Il divieto dell’hijab a scuola non è un fenomeno unico in Europa. In Francia, dal 2004, è vietato agli studenti indossare simboli o abiti che manifestino l’appartenenza religiosa, con specifica menzione del velo islamico, della kippah e delle croci di dimensioni particolarmente evidenti. In Belgio, dal primo settembre 2026, nelle scuole secondarie gestite dalla provincia delle Fiandre orientali, è vietato durante le attività scolastiche l’uso di simboli, indumenti o segni che esprimano convinzioni religiose o politiche. In Norvegia, burqa e niqab sono vietati durante le attività didattiche dal 2018, mentre nei Paesi Bassi, dal 2019, il divieto riguarda scuole, università, strutture sanitarie, edifici pubblici e trasporti.

In Svizzera, dal gennaio 2025, la restrizione vale nei luoghi pubblici, salvo alcune eccezioni, e le violazioni possono essere punite con una multa fino a mille franchi. In Danimarca, un divieto specifico dell’hijab nelle scuole è stato discusso ma non approvato, mentre nel 2023 il Parlamento ha respinto sia una proposta per vietarlo alle bambine delle scuole primarie sia una più ampia, rivolta anche al personale scolastico. La norma austriaca rappresenta un ulteriore passo verso la laicità e l’uguaglianza, anche se potrebbe tornare davanti alla Corte costituzionale. Cinque ragazze tra i nove e i dodici anni, insieme ai loro genitori, avevano già presentato ricorso, ma nel luglio 2026 i giudici lo avevano dichiarato inammissibile perché il divieto non era ancora entrato in vigore. Ora che la norma è applicata, sarà possibile contestarla nuovamente. L’Islamische Glaubensgemeinschaft in Österreich (IGGÖ), l’organizzazione che rappresenta la comunità musulmana nel Paese, ha già annunciato di volerlo fare.

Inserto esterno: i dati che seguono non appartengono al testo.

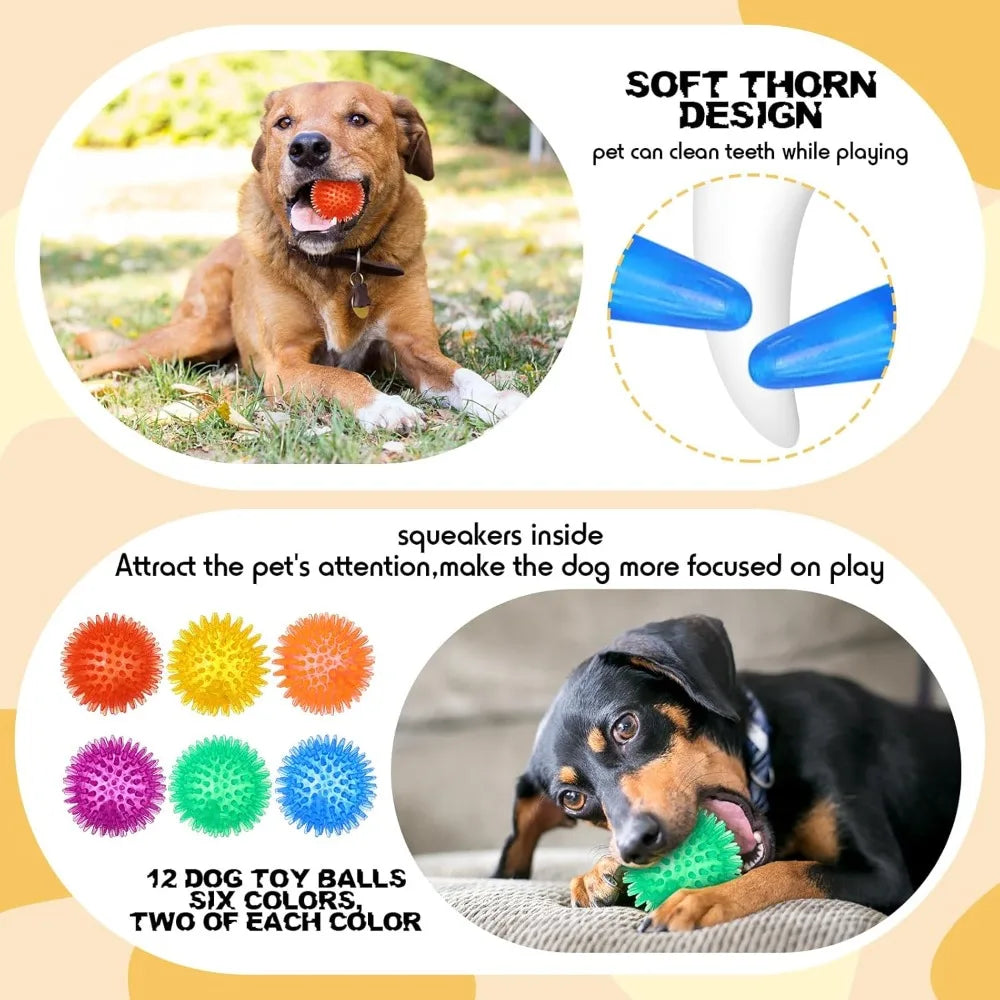 Syhood 60 Pcs Squeaky Dog Toys Bulk Stuffed Plush Chew Puppy Teething Rope Cute Spiky Chew Ball for Small Dog Pet Teething(Lovel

La norma è entrata in vigore con l’inizio dell’anno scolastico 2026/27 e prevede che, in caso di violazione, l’insegnante chieda alla studentessa di togliere il velo e la famiglia possa essere convocata per un colloquio. Se il comportamento si ripete, interviene l’autorità scolastica competente e, nei casi successivi, possono essere informati anche i servizi per la tutela dei minori. Per i genitori si può arrivare a una multa compresa tra 150 e 800 euro.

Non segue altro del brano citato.